Organismos como la CEH , que estudiaron
profundamente el tema de las desapariciones forzadas, dejaron importantes
recomendaciones encaminadas a procesar las secuelas dejadas por las mismas. Entre
otras cosas, se invita a recuperar la memoria histórica y dignificar a las
víctimas. Tal recomendación sólo muy parcialmente ha sido tenida en cuenta; por
parte del Estado no ha habido investigaciones profundas. Han sido básicamente
los esfuerzos de algunos familiares de desaparecidos(as), de manera aislada o a
través de las organizaciones de búsqueda creadas específicamente con ese fin,
quienes han tomado la iniciativa logrando pequeños avances. Falta aún la
investigación sistemática promovida desde el Estado guatemalteco que permita
conocer el paradero de quienes fueron desaparecidos, contribuyendo a sanar las
heridas aún abiertas.
El fenómeno de la desaparición forzada
de personas en Guatemala, dada su masividad y la impunidad con que se realizó,
puede entenderse sólo en función de una matriz histórica de violación
sistemática de los derechos humanos, de una cultura de impunidad y de una
apología de la violencia y de la muerte que viene marcando a la sociedad desde
hace siglos. Por eso, y no por un espíritu revanchista, condenar a alguien de
carne y hueso que represente esa política tétrica, es un imperativo ético. Dejar
las cosas en el olvido es fomentar la impunidad, y por tanto llamar a nueva
violencia.
Es evidente entonces que el ejercicio
de esta terrible práctica no es producto azaroso ni circunstancial, sino que
forma parte de una muy estructurada política pública. De ahí que, tanto las
desapariciones forzadas de personas como todo el arsenal de recursos utilizados
en esta guerra sucia, si no son debidamente analizadas, conocidas, revertidas,
condenadas como prácticas contrarias a las más elementales normas de convivencia
y solidaridad, perpetúan sus efectos en el tiempo creando un clima de zozobra y
tensión social que hace la vida un calvario.

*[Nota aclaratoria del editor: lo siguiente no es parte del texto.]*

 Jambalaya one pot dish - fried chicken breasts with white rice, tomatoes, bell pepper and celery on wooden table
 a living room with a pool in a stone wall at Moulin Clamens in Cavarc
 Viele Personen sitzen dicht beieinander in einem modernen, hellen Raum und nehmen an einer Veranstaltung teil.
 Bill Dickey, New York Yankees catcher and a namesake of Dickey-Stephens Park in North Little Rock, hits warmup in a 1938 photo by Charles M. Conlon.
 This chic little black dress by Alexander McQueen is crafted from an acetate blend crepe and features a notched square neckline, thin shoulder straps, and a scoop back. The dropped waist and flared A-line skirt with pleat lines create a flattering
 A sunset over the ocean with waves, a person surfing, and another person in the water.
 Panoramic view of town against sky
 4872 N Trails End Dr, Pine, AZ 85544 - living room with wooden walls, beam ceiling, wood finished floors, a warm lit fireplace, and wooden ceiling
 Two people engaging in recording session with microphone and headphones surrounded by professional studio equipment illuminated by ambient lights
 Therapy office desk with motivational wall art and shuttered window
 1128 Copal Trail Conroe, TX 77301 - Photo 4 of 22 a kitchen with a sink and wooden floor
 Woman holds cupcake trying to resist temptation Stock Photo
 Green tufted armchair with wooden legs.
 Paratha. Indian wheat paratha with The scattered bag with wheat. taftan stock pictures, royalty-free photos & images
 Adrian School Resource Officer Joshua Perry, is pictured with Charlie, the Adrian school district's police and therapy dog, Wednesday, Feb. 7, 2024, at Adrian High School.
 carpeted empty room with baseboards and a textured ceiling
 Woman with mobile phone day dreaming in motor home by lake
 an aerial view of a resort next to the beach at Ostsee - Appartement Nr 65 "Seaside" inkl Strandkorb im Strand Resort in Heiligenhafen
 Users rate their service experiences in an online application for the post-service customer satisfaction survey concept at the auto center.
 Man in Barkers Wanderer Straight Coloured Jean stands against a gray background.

En Guatemala, hoy por hoy, en muy buena
medida la vida cotidiana tiene mucho de calvario, con los climas de
desconfianza paranoica que se viven, alimentados generosamente por la explosión
de delincuencia que nos envuelve, con la cultura de violencia que lo permea
todo y con los grados de impunidad tan profundos que moldean la experiencia del
diario vivir. De ahí que luchar contra la impunidad tiene un efecto
especialmente reparador, es un camino a la sana convivencia, a la recuperación
de la salud mental que se ha venido deteriorando con la guerra interna y luego
con los niveles de criminalidad tan grandes que nos asolan.
El destino de los detenidos-desaparecidos
La desaparición forzada de personas no
se hacía tanto por razones prácticas para obtener información del “enemigo”
sino que tenía, ante todo, otras características. Entre ellas: es un mensaje
político, una forma de control social para paralizar a una población. Envía un
terrible recordatorio de lo que espera a quien tome un compromiso
político-social, que levante la voz, que ose tener una actitud crítica contra
el estado de cosas.
Cuando ingresaba al circuito de la
desaparición, el mundo perdía todo contacto con él. Durante la detención
clandestina era imposible seguir las pistas de la persona secuestrada. Ningún
recurso de exhibición personal lograba adelantar alguna información, alguna
pista conducente a saber qué había sucedido.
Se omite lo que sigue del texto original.